What about using find with both -maxdepth and -mindepth? This can be also run outside the directory you want to clear.

find target/ -maxdepth 1 -mindepth 1 -exec rm -fr -- {} +;

Here's a complete example:

mkdir -p target/{plain{0..3},.hidden{0..3}}; 
touch target/{plain{0..3},.hidden{0..3}} target/{plain{0..3},.hidden{0..3}}/{plain{0..3},.hidden{0..3}};
tree -a;
find target/ -maxdepth 1 -mindepth 1 -exec rm -fr -- {} +;
tree -a;
0

Shorter version

rm -r * .*

rm: remove

-r: recursively

*: all directories

.*: all hidden directories ( ex: .git, .gitignore )

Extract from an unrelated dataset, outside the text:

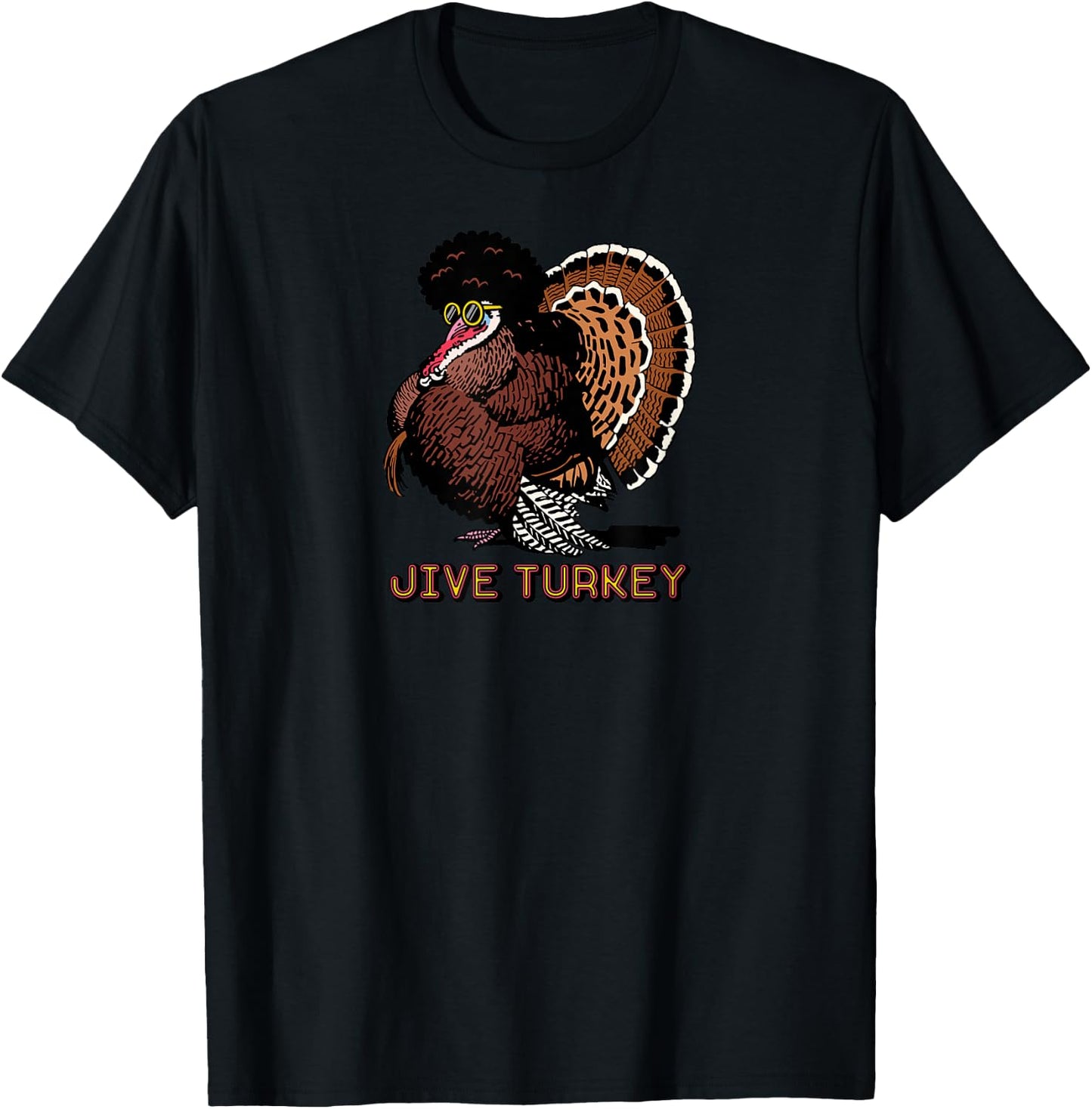 Jive Turkey T-Shirt - T-Shirt | Black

use an optional force flag ( --force or -f ). Check the usage here.

rm -rf * .*

Note: ( for zsh users )
The above command doesn't work partially i.e If it can't find files/ directories matching any of * or .* the other one won't execute.

You can fix this using the command

setopt no_nomatch

zsh commands are scoped to a session(/tab). ( if you open a new session you will still face the issue ).

add this line to .zshrc file to apply for all sessions.

ps: restart iterm after making changes to .zshrc

0

the find command of the other answer did not work for me as it tries to remove the directory itself. I found this one works better:

remove() {
  find "$1" ! -name "$1" -a -prune -exec rm -rfv -- {} +
}

remove foobar

Note, you must not include a / at the end of the directory, otherwise it will try to remove the directory as well.

You can use -wholename instead of -name if your path starts with /.

The v of the rm command prints out the files as they are being deleted.